Again, the burden is not on proponents of same-sex marriage to justify a ban on polygamy. If there is no legitimate reason to ban polygamy, there's no legitimate reason to ban polygamy. This has no bearing on same-sex marriage any more than interracial marriage did. But fine, let's go with your slippery slope. Because you are unable to identify why your brand of marriage is different than same-sex marriage, we have to legalize same-sex marriage.
 
Boy you really have a reading problem don't you? Turn off the blinders for a moment, Deuce? He is saying that the preferential treatment means granting their request against the peoples will over other requests that by and large the people would have full authority to otherwise be in their right to deny.


Tim-

We have a constitution to ensure that you don't have that authority.
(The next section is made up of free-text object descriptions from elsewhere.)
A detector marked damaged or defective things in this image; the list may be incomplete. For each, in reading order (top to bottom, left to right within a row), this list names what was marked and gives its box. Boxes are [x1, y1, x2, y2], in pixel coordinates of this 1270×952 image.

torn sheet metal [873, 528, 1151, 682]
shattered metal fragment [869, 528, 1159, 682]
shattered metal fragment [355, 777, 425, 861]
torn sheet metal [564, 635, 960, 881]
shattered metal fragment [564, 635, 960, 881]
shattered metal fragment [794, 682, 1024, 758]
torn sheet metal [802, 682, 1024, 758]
You don't get to squash the rights of the minority just because you have enough votes.
 
Yes, it is good for a laugh to see someone with your knowledge of the law mocking Justice Scalia. I don't need to explain anything for him--read the case.

Scalia is a partisan hack and even he admits that Lawrence requires us to legalize same-sex marriage.
 
Maybe the most biting thing Justice Scalia said in his dissenting opinion in Romer was this:


"Today's opinion has no foundation in American constitutional law, and barely pretends to."
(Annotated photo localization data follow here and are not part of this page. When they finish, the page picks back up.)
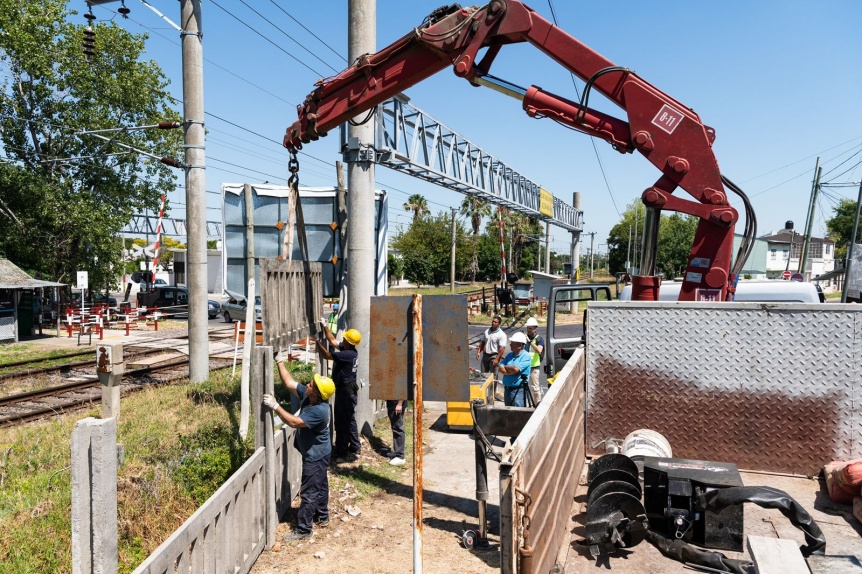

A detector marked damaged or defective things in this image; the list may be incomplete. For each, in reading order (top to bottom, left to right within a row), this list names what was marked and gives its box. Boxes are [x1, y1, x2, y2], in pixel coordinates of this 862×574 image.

rusty metal plate [370, 300, 470, 402]
rusty metal plate [588, 302, 862, 476]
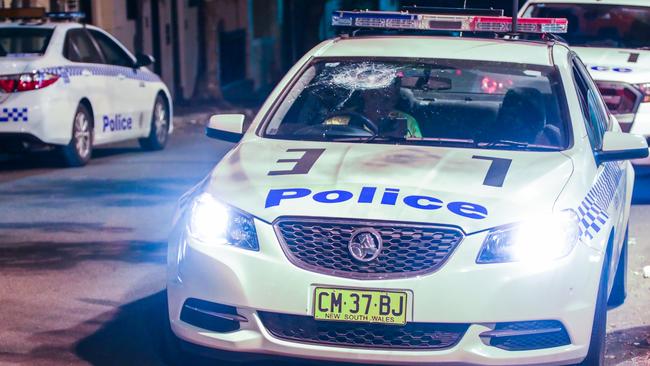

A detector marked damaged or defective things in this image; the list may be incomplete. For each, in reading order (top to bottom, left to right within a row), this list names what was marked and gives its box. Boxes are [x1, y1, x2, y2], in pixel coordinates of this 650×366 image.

damaged windshield [264, 58, 568, 150]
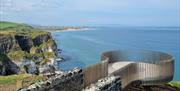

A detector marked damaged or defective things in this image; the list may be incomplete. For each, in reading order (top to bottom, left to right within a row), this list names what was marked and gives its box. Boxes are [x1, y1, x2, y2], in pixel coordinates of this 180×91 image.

rusted steel wall [83, 60, 107, 86]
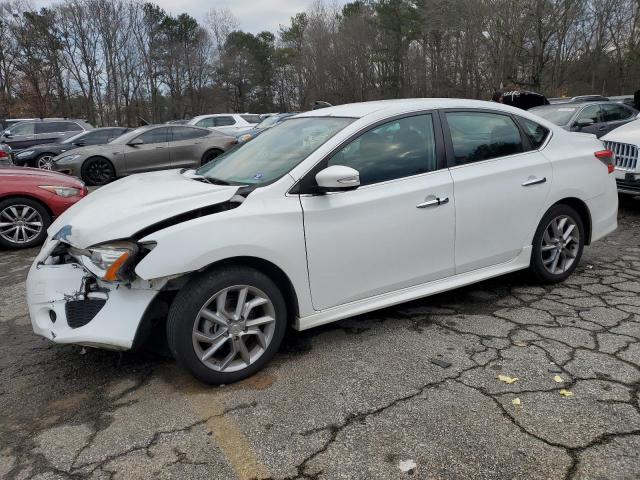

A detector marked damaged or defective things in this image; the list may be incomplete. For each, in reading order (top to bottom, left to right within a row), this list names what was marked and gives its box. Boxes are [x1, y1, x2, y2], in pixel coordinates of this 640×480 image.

crushed front bumper [27, 240, 161, 348]
broken headlight assembly [79, 240, 144, 282]
cracked asphalt [1, 197, 640, 478]
damaged white sedan [26, 98, 620, 382]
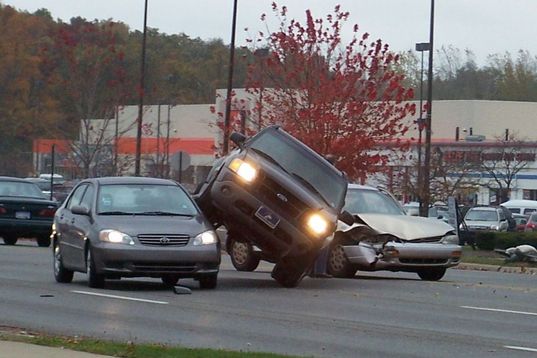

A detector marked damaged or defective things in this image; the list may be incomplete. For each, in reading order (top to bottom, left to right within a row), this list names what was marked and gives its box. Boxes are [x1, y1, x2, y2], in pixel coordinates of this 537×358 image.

white crashed car [326, 186, 460, 282]
crumpled hood [356, 213, 452, 241]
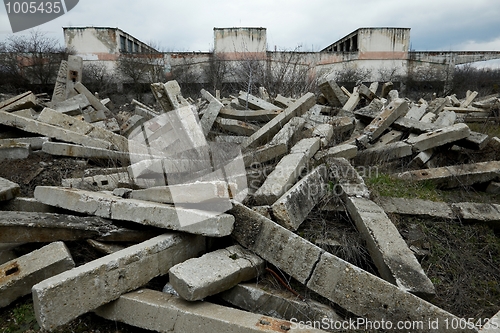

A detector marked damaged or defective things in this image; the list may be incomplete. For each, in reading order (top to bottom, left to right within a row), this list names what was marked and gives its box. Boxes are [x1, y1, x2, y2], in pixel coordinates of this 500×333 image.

broken concrete beam [0, 141, 30, 160]
broken concrete beam [0, 91, 36, 113]
broken concrete beam [0, 110, 111, 149]
broken concrete beam [48, 92, 90, 115]
broken concrete beam [38, 107, 128, 151]
broken concrete beam [42, 140, 131, 161]
broken concrete beam [73, 82, 109, 113]
broken concrete beam [200, 89, 224, 135]
broken concrete beam [215, 117, 260, 136]
broken concrete beam [219, 106, 282, 122]
broken concrete beam [238, 91, 282, 111]
broken concrete beam [241, 143, 286, 167]
broken concrete beam [240, 91, 314, 148]
broken concrete beam [270, 116, 304, 148]
broken concrete beam [320, 77, 348, 105]
broken concrete beam [314, 143, 358, 161]
broken concrete beam [342, 86, 362, 112]
broken concrete beam [354, 141, 412, 165]
broken concrete beam [364, 98, 410, 141]
broken concrete beam [406, 123, 472, 152]
broken concrete beam [460, 90, 476, 107]
broken concrete beam [0, 178, 20, 201]
broken concrete beam [0, 211, 127, 243]
broken concrete beam [61, 171, 131, 189]
broken concrete beam [34, 187, 234, 236]
broken concrete beam [128, 180, 231, 204]
broken concrete beam [254, 137, 320, 205]
broken concrete beam [274, 164, 328, 231]
broken concrete beam [376, 196, 456, 219]
broken concrete beam [396, 160, 500, 188]
broken concrete beam [450, 201, 500, 227]
broken concrete beam [346, 197, 436, 296]
broken concrete beam [0, 240, 74, 308]
broken concrete beam [32, 232, 203, 328]
broken concrete beam [168, 244, 264, 300]
broken concrete beam [230, 202, 472, 332]
broken concrete beam [95, 288, 326, 332]
broken concrete beam [220, 282, 340, 322]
Funny, I say that about many of Scalia's writings. Scalia is the sort of person to say "this court has no authority to overturn legislation" when the day before he had just voted to overturn legislation! (edit: well, just released the decisions, anyway)

United States vs. Windsor

"We have no power to decide this case. And even if we did, we have no power under the Constitution to invalidate this democratically adopted legislation."

The day before, in Shelby County, Albama v. Holder he votes to overturn section 4 of the Voting Rights Act.


I've already dispensed with the "connecting children to biological parents" reasoning. Give another legitimate purpose. I'll destroy it. And maybe if you really want a debate here, you'll do it without the personal attacks.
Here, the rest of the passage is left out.